MicroarrayProcessing by minseven

Welcome to MicroarrayProcessing

MicroarrayProcessing is to automate microarray data processing for multiple public project data.

Step 1. Installation.

Let’s assume we have data from two projects of GSE15059 and GSE28320 only. Note that two projects are for E. coli.
Install R and library limmma.
clone this repo on your local.

Step 2. Download raw data from GEO

I first download raw-data files from GEO (you might be able to do this with R package GEOquery for most cases. But please note that there are some cases you can’t download raw data with GEOquery.) and saved raw data files of each project into separate folders of GSE15059_RAW and GSE28320_RAW.

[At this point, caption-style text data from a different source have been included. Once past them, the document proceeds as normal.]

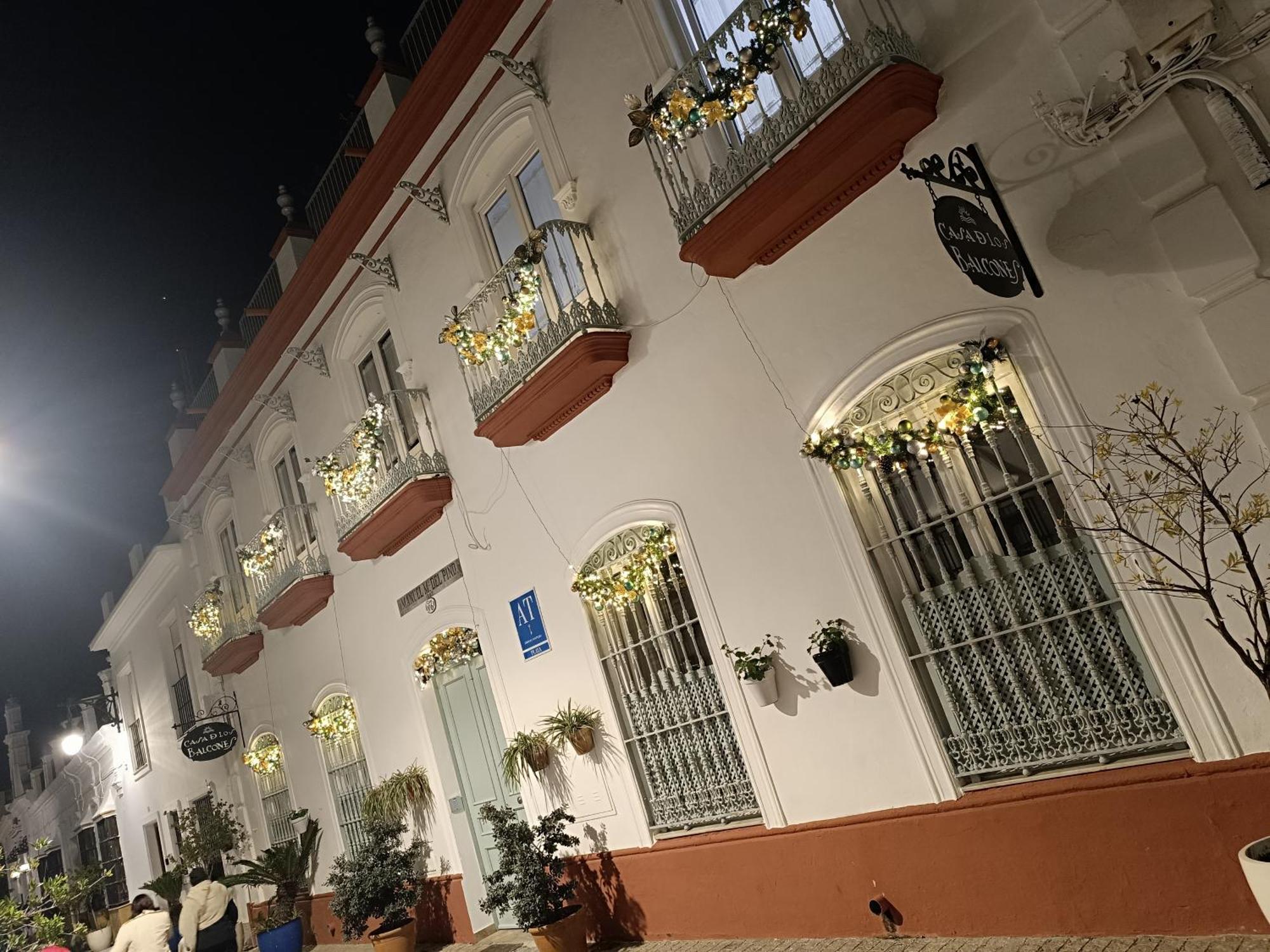 צ'יפיונה Apartamentos Turisticos Casa De Los Balcones מראה חיצוני תמונה
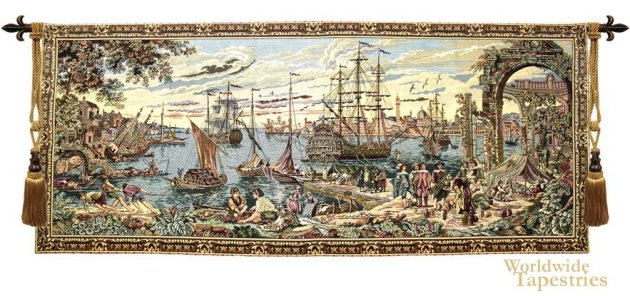 The Harbour II Tapestry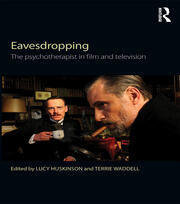Eavesdropping: The psychotherapist in film and television book cover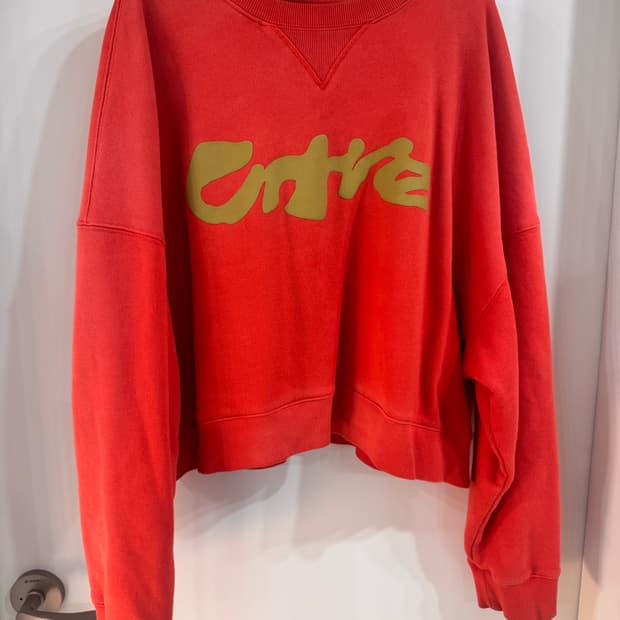 엔타이어 스튜디오 스웻셔츠 맨투맨 S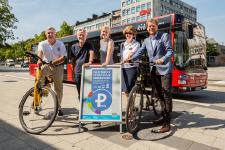 Parken Plus- Das Kostenrückerstattungssystem für den Innenstadt-Besuch wächst weiter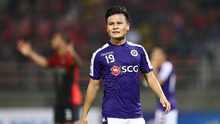 VIDEO: Khánh Hòa 0-0 Hà Nội: Quang Hải đi bóng và dứt điểm như Messi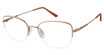 Titanium Eyeglasses CH 29228 Rose/RO
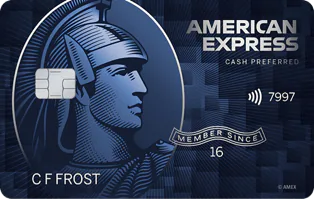 Blue Cash Preferred Card from American Express アメリカ駐在おすすめクレジットカード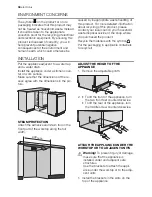 Предварительный просмотр 34 страницы Electrolux ESF65054 User Manual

Step 3. Write up a metadata file.

Then I write up a metadata file that shows information about how to process two project data. The content of this file should be in metadata.txt. There are 9 columns and 19 rows (one header and 18 samples). The descriptions of columns are:

SampleID. Unique identifier for the sample. This SampleID will be used for naming the output file for each sample. For example, if S0001 is SampleID, then the output will be S0001.txt.
Ch. Channel information of the sample. If two-color microarray, it should be either 1 or 2.
SourceType. The microarray type information. It can be one of many including genepix, agilent, imagene, and so on. To see the full list, refer to http://svitsrv25.epfl.ch/R-doc/library/limma/html/read.maimages.html. Figuring out SourceType of each project raw data requires manual checking. There are multiple ways I used:
I was able to figure out by looking at the extension of raw file. For example, files ending with gpr or gpr.gz are genepix.
Or the source information is indicated in the header of the file.
Note that some files don’t follow this rule if the raw files were produced from customized arrays. GSE28320 is an example. Then we first set SourceType as “generic”. Then to properly process these types of files, it is a key to look into the header and get the names for the four columns. The four columns are
- foreground intensities of Red channel (denoted as R)
- foreground intensities of Green channel (denoted as G)
- background intensities of Red channel (denoted as Rb)
- background intensities of Green channel (denoted as Gb).
There can be variety of column names. In the example of GSE28320, “F635 Median”, “F532 Median”, “B635 Median”, “B532 Median” indicate R, G, Rb, Gb, respectively. In this example, F denotes Foreground, B denotes Background, 635, 532 are wavelengths of flurorescence and 635 indicates Red signal, whereas 532 indicates Green signal. Different project might name the columns differently. I can give you more examples of column names (in the order of R, G, Rb, Gb) below. The general idea is that Median is preferred over Mean, we only use Mean when Median is not available. Channel 2, Cy5, Wavelength of 6XX all correspond to Red channel. Likewise, Channel 1, Cy3, Wavelength of 5XX all correspond to Green channel. You could tell whether column is for foreground signal (SIG, F, Signal, and etc) or for background signal (BKD, B, Bkg, and etc.) pretty easily.
- R=”F633 Median”,G=”F543 Median”,Rb=”B633 Median”,Gb=”B543 Median”
- R=”F685 Median”,G=”F580 Median”,Rb=”B685 Median”,Gb=”B580 Median”
- R=”CH2_SIG_MEAN”,G=”CH1_SIG_MEAN”,Rb=”CH2_BKD_MEAN”,Gb=”CH1_BKD_MEAN”
- R=”CH2”,G=”CH1”,Rb=”CH2_bg”,Gb=”CH1_bg”
- R=”Cy5 Signal”,G=”Cy3 Signal”,Rb=”Cy5 Background”,Gb=”Cy3 Background”
- R=”CH2I_MEDIAN”,G=”CH1I_MEDIAN”,Rb=”CH2B_MEDIAN”,Gb=”CH1B_MEDIAN”
- R=”MedA”,G=”MedB”,Rb=”MedBkgA”,Gb=”MedBkgB”
- R=”CH2_INTENSITY”,G=”CH1_INTENSITY”,Rb=”CH2_BK”,Gb=”CH1_BK”
- R=”SpotMedian-635”,G=”SpotMedian-532”,Rb=”BkgMedian-635”,Gb=”BkgMedian-532”
R. The column name corresponding to foreground intensities of Red channel.
G. The column name corresponding to foreground intensities of Green channel.
Rb. The column name corresponding to background intensities of Red channel.
Gb. The column name corresponding to background intensities of Green channel.
DirName. The directory name that houses the sample raw-data.
FileName. The file name of the sample raw-data.

Step 4. Run the command.

I run the R script (RunDataProcessing.R) by

Rscript RunDataProcessing.R metadata.txt.

This script will produce 18 gene expression files where the first column is ID and the second column is gene expression level.